HOUSTON, May 7, 2014 /PRNewswire/ --  Group 1 Automotive, Inc.  (NYSE: GPI) (the "Company"), an international, Fortune 500 automotive retailer, today announced that it has commenced a tender offer to purchase for cash any and all of its outstanding 3.00% Convertible Senior Notes due 2020 (CUSIP No. 398905AG4) (the "Notes"). The tender offer (the "Offer") is being made upon the terms and subject to the conditions set forth in the Company's Offer to Purchase, dated May 7, 2014, and the related Letter of Transmittal. The Offer will expire at 12:00 midnight, New York City time, on Tuesday, June 24, 2014, unless it is extended or earlier terminated by the Company (as may be extended by the Company, the "Expiration Date"). As of the date hereof, there is $115,000,000 aggregate principal amount of Notes outstanding.

Upon the terms and subject to the conditions of the Offer, holders of Notes who validly tender and do not validly withdraw their Notes prior to 12:00 midnight, New York City time, on the Expiration Date, will receive, for each $1,000 principal amount of such Notes accepted for purchase, a cash purchase price equal to the sum of (i) the Average Volume Weighted Average Price ("VWAP") (as defined below) multiplied by 26.4021 plus (ii) a fixed cash amount of $169.00, provided that in no event will the Purchase Price be less than $1,621.12 or more than $2,545.19 per $1,000 principal amount of such Notes. In addition, holders will receive, in respect of their Notes that are accepted for purchase, accrued and unpaid interest on such Notes to, but excluding, the settlement date of the Offer.

"Average VWAP" is the simple arithmetic average of the "Daily VWAP" over the "Averaging Period." The "Averaging Period" means the period of 32 consecutive trading days beginning on May 9, 2014 and ending on the Expiration Date. For the avoidance of doubt, if up to three scheduled trading days during the period beginning on May 9, 2014 are not trading days, the Company will extend the Expiration Date by a number of scheduled trading days that equals the number of scheduled trading days that were not trading days. The Daily VWAP for any trading day means the per share volume-weighted average price of the Company's common stock on the New York Stock Exchange, as displayed under the heading "Bloomberg VWAP" on Bloomberg page "GPI.N <equity> AQR" (or its equivalent successor if such page is not available), in respect of the period from scheduled open of trading until the scheduled close of trading of the primary trading session of the New York Stock Exchange on such trading day. The Daily VWAP will be determined without regard to after-hours trading or any other trading outside of the regular trading session trading hours.

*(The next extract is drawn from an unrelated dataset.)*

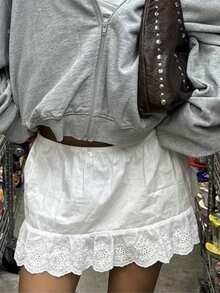 Women Y2K Eyelet Lace Floral Mini Skirt Low Rise Elastic Waist Summer Casual A Line Fairycore Short Skirts Underskirts - 白色 - 查看 4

The Company will determine the final purchase price promptly after the close of trading on the New York Stock Exchange on June 24, 2014 and announce the final purchase price no later than 4:30 p.m., New York City time, on that day. The final purchase price will also be available by that time at http://www.gbsc-usa.com/GPI  and from the information agent for the Offer. Prior to the determination of the final purchase price, an indicative purchase price will be available at that same web address and from the information agent for the Offer.

The terms and conditions of the Offer appear in the Offer to Purchase and the Letter of Transmittal, both of which will be distributed to holders of the Notes. The Offer is not subject to any minimum tender condition. However, the Offer is subject to certain other conditions, including a financing condition, as more fully described in the Offer to Purchase. The Company expressly reserves the right to waive these conditions in whole or in part at any or at various times in its sole discretion.